◆ **What you should do**
What you return should be the complete data below, word for word, with no pictures in it.

◆ **Provided data**
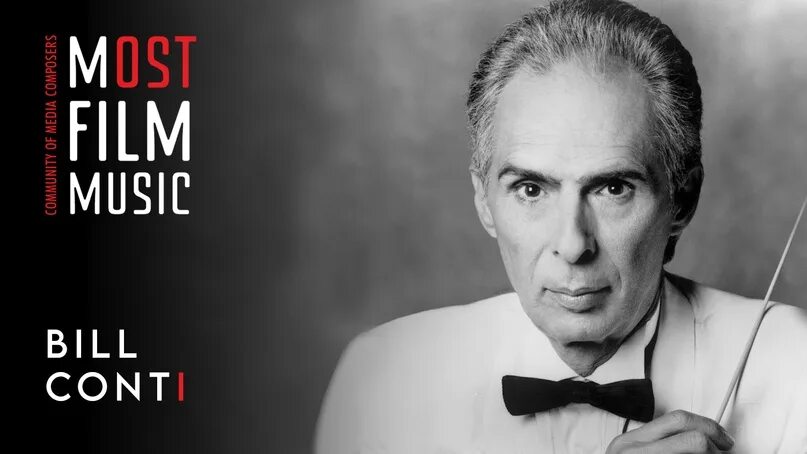 Билл конти. "bill conti" && ( исполнитель | группа | музыка | music | band | artist ) && (фото | photo). Italia conti academy. "bill conti" && ( исполнитель | группа | музыка | music | band | artist ) && (фото | photo). Билл конти.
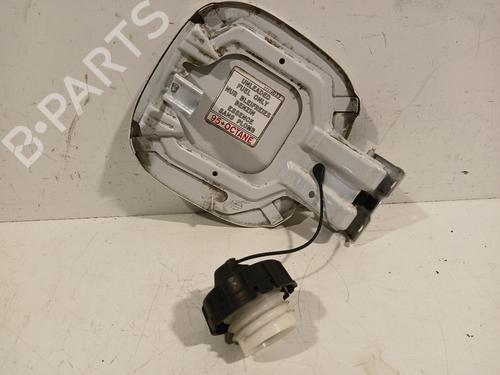 Fuel flap MITSUBISHI OUTLANDER III (GG_W, GF_W, ZJ, ZL, ZK) 2.0 Hybrid 4WD (GG2W) | BP30643024C131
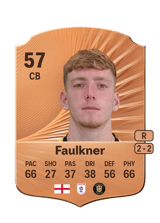 Faulkner 57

◆ **Problem solution**
 Билл конти. "bill conti" && ( исполнитель | группа | музыка | music | band | artist ) && (фото | photo). Italia conti academy. "bill conti" && ( исполнитель | группа | музыка | music | band | artist ) && (фото | photo). Билл конти.
 Fuel flap MITSUBISHI OUTLANDER III (GG_W, GF_W, ZJ, ZL, ZK) 2.0 Hybrid 4WD (GG2W) | BP30643024C131
 Faulkner 57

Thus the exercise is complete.